Referring now to FIG. 6, the logical flow of Update Status Service (28) is shown. Update Status Service (28) allows the Data Center (102) to receive the Update Status Request (403) from the SPAM filter and returns an Update Status Response (404). In one implementation, Update Status Request (403) contains only the Senders whose messages are held in the Temporary Message Storage (36) of the SPAM Filter. The SPAM Filter considers those Senders as Unconfirmed. The Update Status Response (404) notifies the SPAM Filter which of those originally Unconfirmed Senders have been moved to the White List (21) or Black List (22), and for those that are still in the Unconfirmed List (23), how many confirmation messages have been sent to each of them and how long the Data Center has been waiting for an answer.

The process of Update Status Service (28) starts at Step (600) when the (optionally signed and encrypted) Update Status Request (403) is received. The Request (403) is sent at Step (304) of the Held Message Handler process (35) shown in FIG. 3.

At Step (601), Update Status Service (28) decrypts and verifies the Request using the Crypto Engine (26) to recover the Update Status Request (403) as required. The verification can verify the digital signature on the Request using the public key of the SPAM Filter, but also can verify that the SPAM Filter's public key is in the List of SPAM Filer Public Keys (30) to ensure that the key is authentic. As indicated above, the Update Status Request (403) may not be signed and encrypted and, in such a case, Step (601) can be skipped. If the decryption or verification fails at Step (601), the process continues at Step (607), which returns an error response, and the process ends. If all the decryption and verifications succeed, the process continues at Step (602).

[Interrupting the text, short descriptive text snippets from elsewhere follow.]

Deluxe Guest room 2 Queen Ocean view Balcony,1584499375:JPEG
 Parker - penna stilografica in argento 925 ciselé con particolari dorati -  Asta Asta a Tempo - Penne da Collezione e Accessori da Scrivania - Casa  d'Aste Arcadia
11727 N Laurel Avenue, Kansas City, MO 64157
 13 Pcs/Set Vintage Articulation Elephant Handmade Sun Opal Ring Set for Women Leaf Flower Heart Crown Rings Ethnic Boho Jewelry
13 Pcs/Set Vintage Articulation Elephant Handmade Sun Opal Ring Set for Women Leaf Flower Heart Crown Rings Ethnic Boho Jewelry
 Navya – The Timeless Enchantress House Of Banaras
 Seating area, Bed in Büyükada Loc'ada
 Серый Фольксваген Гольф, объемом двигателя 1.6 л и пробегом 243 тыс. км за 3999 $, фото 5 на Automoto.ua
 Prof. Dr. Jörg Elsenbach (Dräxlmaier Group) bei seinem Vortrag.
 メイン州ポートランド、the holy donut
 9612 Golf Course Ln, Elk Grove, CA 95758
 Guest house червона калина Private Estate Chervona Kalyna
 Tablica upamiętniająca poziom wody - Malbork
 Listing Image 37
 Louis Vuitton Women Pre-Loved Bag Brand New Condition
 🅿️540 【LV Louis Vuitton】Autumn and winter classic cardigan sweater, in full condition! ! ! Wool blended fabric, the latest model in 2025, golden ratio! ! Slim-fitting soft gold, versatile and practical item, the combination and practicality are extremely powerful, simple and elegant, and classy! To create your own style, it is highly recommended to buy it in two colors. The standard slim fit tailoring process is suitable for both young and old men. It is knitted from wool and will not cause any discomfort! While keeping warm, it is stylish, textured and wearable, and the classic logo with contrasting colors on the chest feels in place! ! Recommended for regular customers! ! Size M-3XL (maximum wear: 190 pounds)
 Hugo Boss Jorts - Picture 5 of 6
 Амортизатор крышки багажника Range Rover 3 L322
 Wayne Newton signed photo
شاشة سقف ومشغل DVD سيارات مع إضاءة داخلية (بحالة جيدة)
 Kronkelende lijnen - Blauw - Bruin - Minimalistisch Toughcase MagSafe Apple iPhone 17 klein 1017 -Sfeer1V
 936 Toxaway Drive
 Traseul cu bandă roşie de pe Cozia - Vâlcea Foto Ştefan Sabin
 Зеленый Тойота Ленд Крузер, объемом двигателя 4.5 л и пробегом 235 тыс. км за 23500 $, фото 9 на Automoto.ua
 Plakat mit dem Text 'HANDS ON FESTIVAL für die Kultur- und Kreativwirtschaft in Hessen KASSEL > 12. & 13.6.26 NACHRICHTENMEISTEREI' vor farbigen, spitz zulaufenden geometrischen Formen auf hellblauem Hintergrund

At Step (602), Update Status Service (28) creates an Update Status Response (404) with an empty List of Sender Status. In one implementation, the Update Status Response (404) contains the Random Number copied from the Update Status Request (403) but has an empty List of Sender Status. The Sender Status will be added to the List by repeating Steps (603) and (604) for each Sender.

Step (603) and Step (604) are repeated for each Sender listed in the Update Status Request (403). At Step (603), Update Status Service (28) obtains the Sender Status and Step (604) adds the status information to the List of Sender Status of the Update Status Response (404). In one implementation, each item added to the List is identical to the Sender Status Response (402) except it does not contain the Random Number. In other words, each item added to the List of Sender Status contains the Sender Email Address and the Sender Status indicating whether the Sender is in the White List (21), Black List (22), or Unconfirmed List (23). If the Sender is in the Unconfirmed List (23), the number of unanswered confirmation emails (N) and the maximum time (T) the Data Center (102) has been waiting for the answer to the confirmation emails can also be included in the response. After finishing processing all Senders at Steps (603) and (604), the process continues at Step (605).

At Step (605), Update Status Service (28) optionally signs and encrypts the Update Status Response (404) using the Crypto Engine (26). For a third party hosted SPAM Filter (103c) situated in the same secure environment of the Data Center (102) and that has direct access to the Data Center (102), Step (605) is not necessary and may be skipped.

At Step (606), Update Status Service (28) sends the (optionally signed and encrypted) Update Status Response (404) to the requesting SPAM Filter. Thereafter, the process ends.

Referring now to FIG. 8, the logical flow of Sender Response Process (29) for the Data Center (102) to process Sender's responses to the confirmation messages is shown. In the implementation where the Sender responds to the confirmation message by clicking a provided hyperlink, a default web browser will be launched and an HTTP request will be sent to the Data Center (102).

The logical flow of Sender Response Process (29) starts at Step (800) when the HTTP request is received. The HTTP request can include the Confirmation Message ID (e.g., Confirmation Email ID), which can be used to locate the corresponding record in the Confirmation Message Records (20).

At Step (801), Sender Response Process (29) returns a response (e.g., an HTTP response), which includes an Authorization Code. In one implementation, the response includes a web (e.g., HTML) form asking the Sender to enter the Authorization Code included in the confirmation message. After the Sender enters the Authorization Code and clicks an “OK” button on the web form, the Authorization Code will be sent to the Data Center (102). Because the Authorization Code contained in the confirmation message is in a distorted graphic form in one implementation, human action is required to enter the code correctly.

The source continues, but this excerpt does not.